Moreover, these transformations should modify the traditional barriers. Connected cars services have already seen the emergence of new car manufacturers like Tesla, LeEco (which has raised 1.08 billion USD to finance a smart factory) or BYD. Autonomous car has already introduced new entrant manufacturers which are already in advanced on the technological perspectives. The strategy of each car manufacturer will have to manage the reasonable arrangements with the digital big names, the GAFA and Internet platforms, the telcos, in addition to their peers, new entrants and traditional suppliers.
Finally, servicization will also have impacts on the customer loyalty as not only the product (the car) will be transformed, but also the consumption model with the development of various offerings of “car as a service”, mainly led by hailing car service emergence (Uber, Lyft and Didi at first).
Hence, autonomous vehicles are on the tracks to be a strong game changer in the coming years with massive impacts on everyone’s lives.
In this context, the DigiWorld Economic Journal special issue aims to gather articles that show the changing landscape of the automotive market, and how this is impacting the ecosystem from both traditional players’ (automotive manufacturers) and new entrants’ (internet giants or ride hailing players) perspectives.

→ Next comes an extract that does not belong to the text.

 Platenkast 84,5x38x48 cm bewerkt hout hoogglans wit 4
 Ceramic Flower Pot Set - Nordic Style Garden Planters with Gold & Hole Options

The following topics are targeted in particular:
• What are the lessons/findings of the actual connected cars market (type of agreements with telcos, business models, interest of the consumers for the various applications and services) ?
• What are the drivers and hurdles to the development of autonomous cars (technical, legal, security, privacy reasons, or cultural, etc.)?
• What are the importance of the public policies and regulatory issues?
• What may be the importance of the technical developments like 5G and V2V/I standards?
• How will automotive manufacturers be transformed into mobility service providers? How long will it take to do so?
• What will be the place of Internet giants (GAFA) players? Do they represent a real threat or the ideal partners of auto manufacturers?
• Do we have to expect a consolidation of the car industry due to the connected/self-driving car?
• How will “smart city” and smart car be linked?
• How will third party business sector (banking, insurance) be impacted?
• Beyond transportation, what would be the other societal impacts of autonomous vehicles?
Please send submissions (in the form of full papers)
by 30th January 2017 to:
Submission of papers
All papers submitted for publication will be reviewed by at least two referees/experts using the "double blind" system.
Proposals must be submitted in Word format (.doc) and should not exceed 6,500 words – including the abstract and references.
As far as possible, the publisher recommends that you insert some illustrations (tables, diagrams) in the paper, in order to facilitate the general comprehension.
Please ensure that they are readable in grey scale, and that they are of high-definition, in order to guarantee the printing quality.
Bibliographical references should be included at the end of the article. Should these references appear in the text, please indicate the author's name and the year of publication in brackets.
Our DigiWorld Economic Journal also welcomes submissions for extra papers - off dossier - that typically cover innovative issues in the sector of the telecoms, internet and new media. If your paper is selected by the Editiorial committee, it will be submitted to the double-blind review process.
On the other hand, should you wish to propose a short paper (1500 to 3000 words maximum) for the "Features" rubric, offering factual analyses of recent developments in the fields of regulation and competition, firms and markets, technical innovations, public policies and use logics, please contact us.
Book reviews are also very welcome should they are in connection with our usual thematics.